▶ _Work instruction_
Once the pictures are set aside, reproduce the entries below exactly.

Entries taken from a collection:
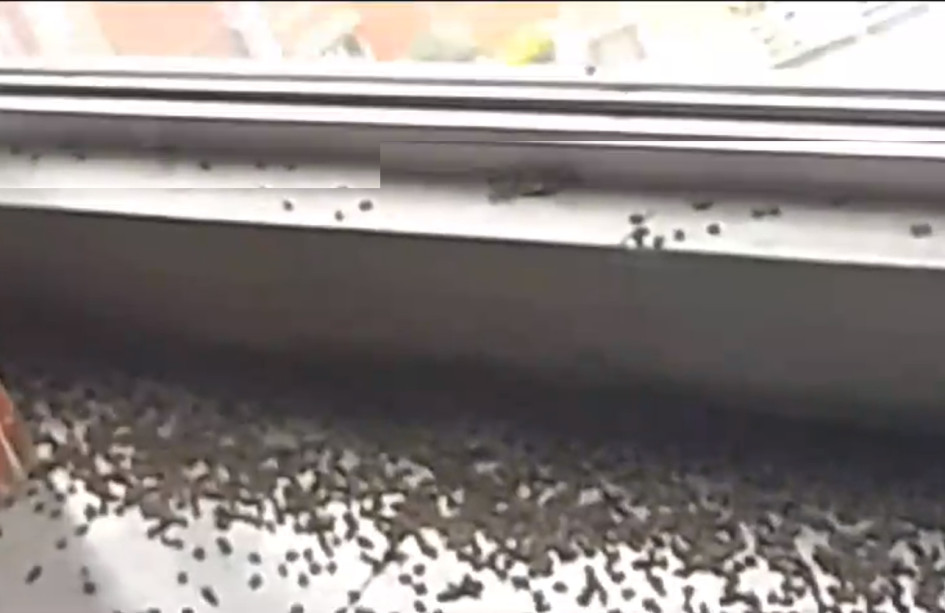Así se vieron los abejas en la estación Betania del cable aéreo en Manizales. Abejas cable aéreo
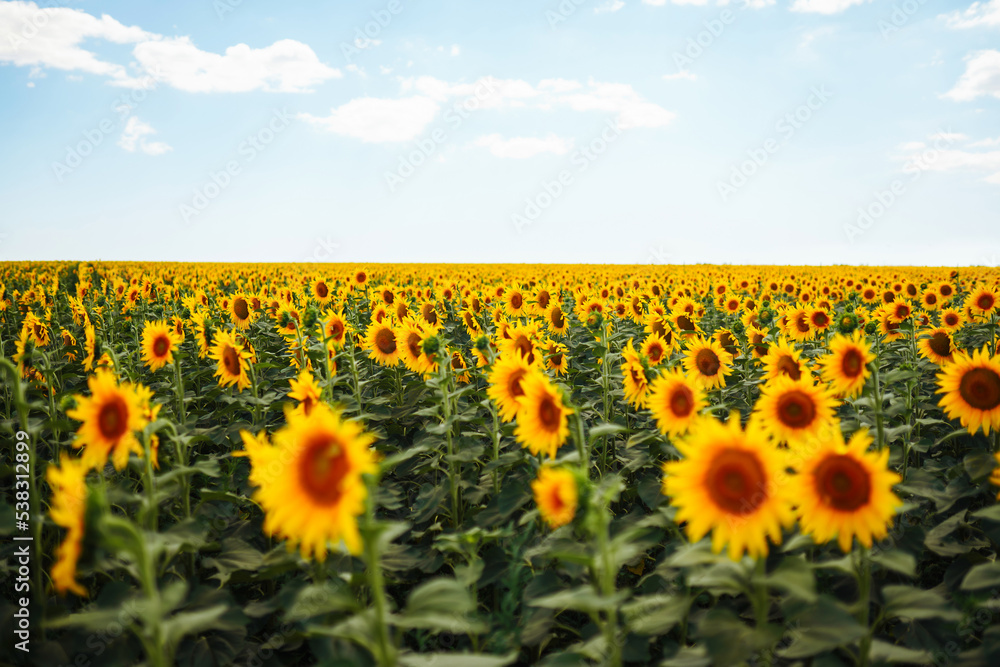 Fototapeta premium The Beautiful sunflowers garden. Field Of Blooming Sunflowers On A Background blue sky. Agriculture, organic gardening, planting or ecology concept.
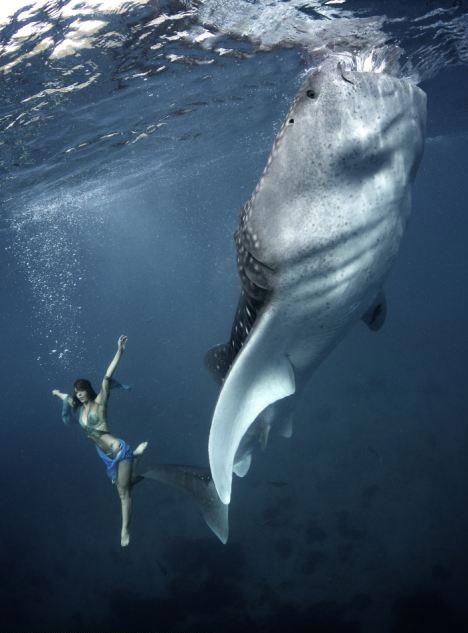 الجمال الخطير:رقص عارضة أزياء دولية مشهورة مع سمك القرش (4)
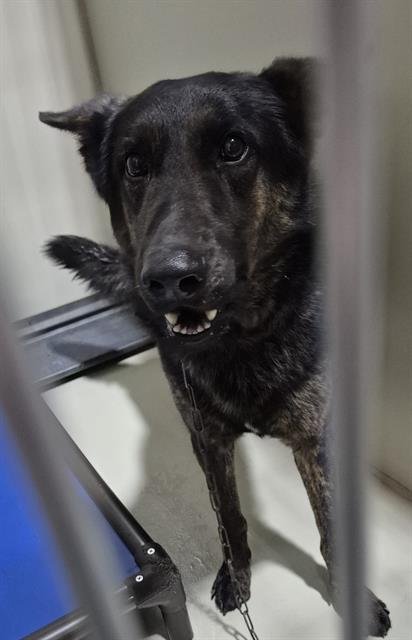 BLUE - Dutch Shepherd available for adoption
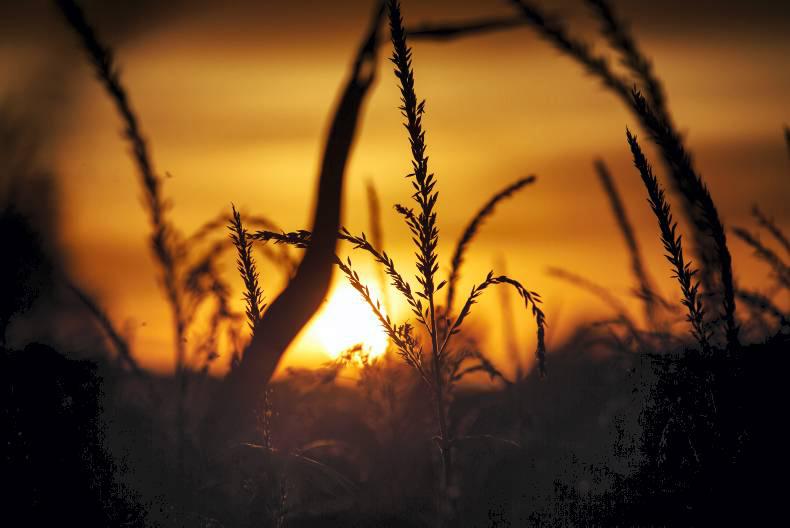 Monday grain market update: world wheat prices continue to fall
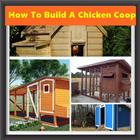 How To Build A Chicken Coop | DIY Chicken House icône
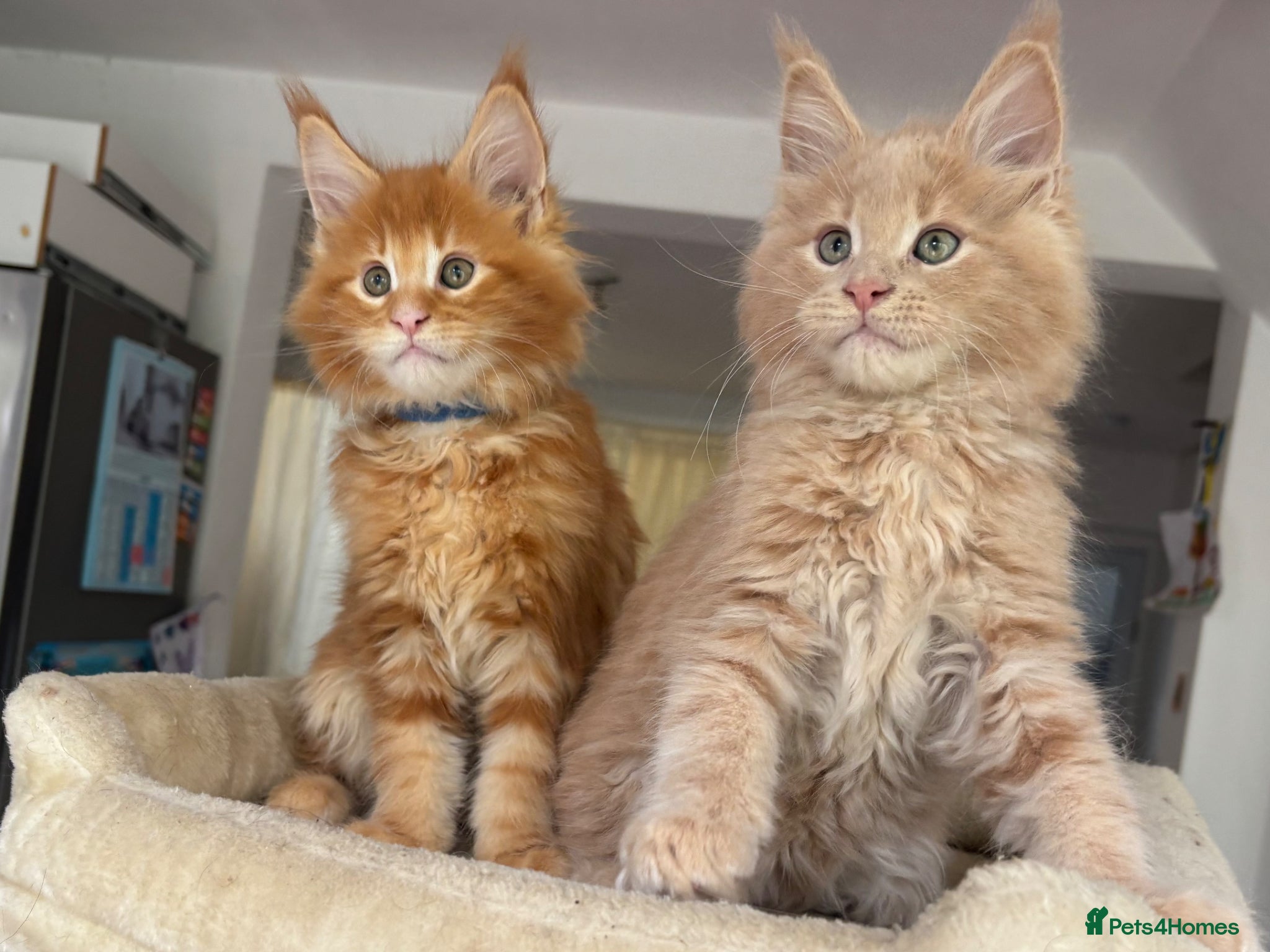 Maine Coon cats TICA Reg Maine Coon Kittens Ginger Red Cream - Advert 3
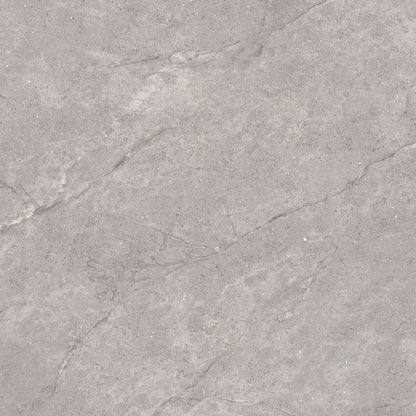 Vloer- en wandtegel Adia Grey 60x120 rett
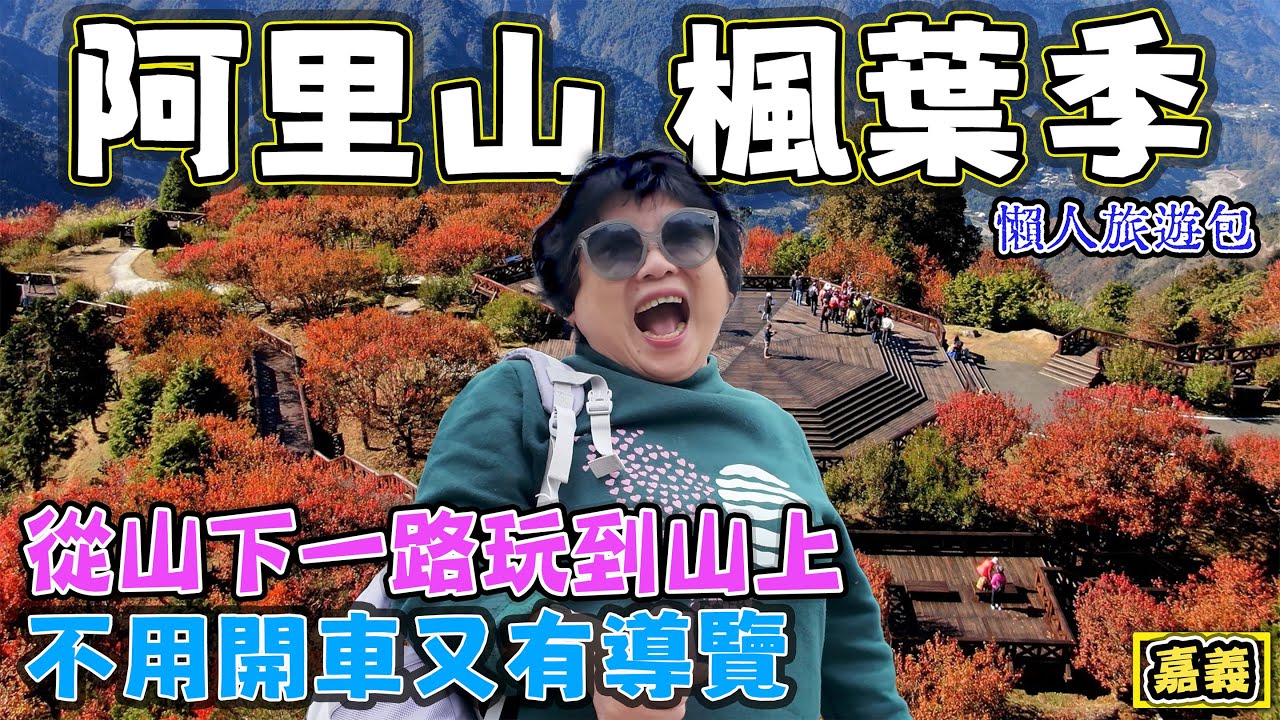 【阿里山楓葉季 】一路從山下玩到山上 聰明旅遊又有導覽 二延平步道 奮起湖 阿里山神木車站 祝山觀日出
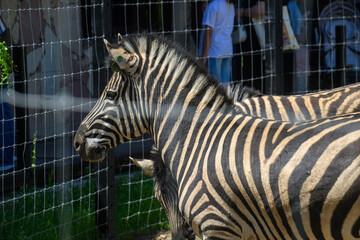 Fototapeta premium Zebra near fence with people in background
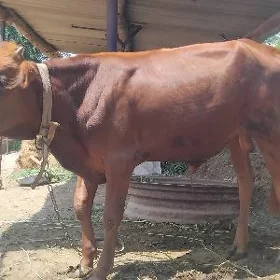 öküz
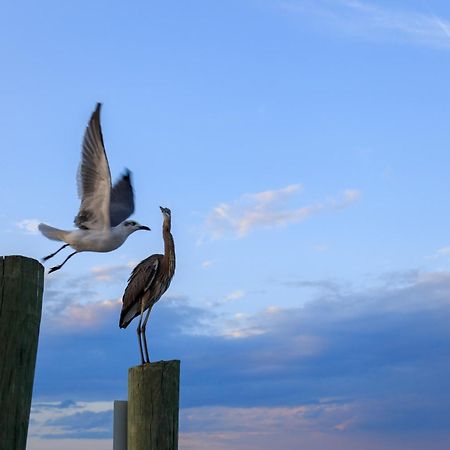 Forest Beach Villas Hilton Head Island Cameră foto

▶ _Your response_
Así se vieron los abejas en la estación Betania del cable aéreo en Manizales. Abejas cable aéreo
 Fototapeta premium The Beautiful sunflowers garden. Field Of Blooming Sunflowers On A Background blue sky. Agriculture, organic gardening, planting or ecology concept.
 الجمال الخطير:رقص عارضة أزياء دولية مشهورة مع سمك القرش (4)
 BLUE - Dutch Shepherd available for adoption
 Monday grain market update: world wheat prices continue to fall
 How To Build A Chicken Coop | DIY Chicken House icône
 Maine Coon cats TICA Reg Maine Coon Kittens Ginger Red Cream - Advert 3
 Vloer- en wandtegel Adia Grey 60x120 rett
 【阿里山楓葉季 】一路從山下玩到山上 聰明旅遊又有導覽 二延平步道 奮起湖 阿里山神木車站 祝山觀日出
 Fototapeta premium Zebra near fence with people in background
 öküz
 Forest Beach Villas Hilton Head Island Cameră foto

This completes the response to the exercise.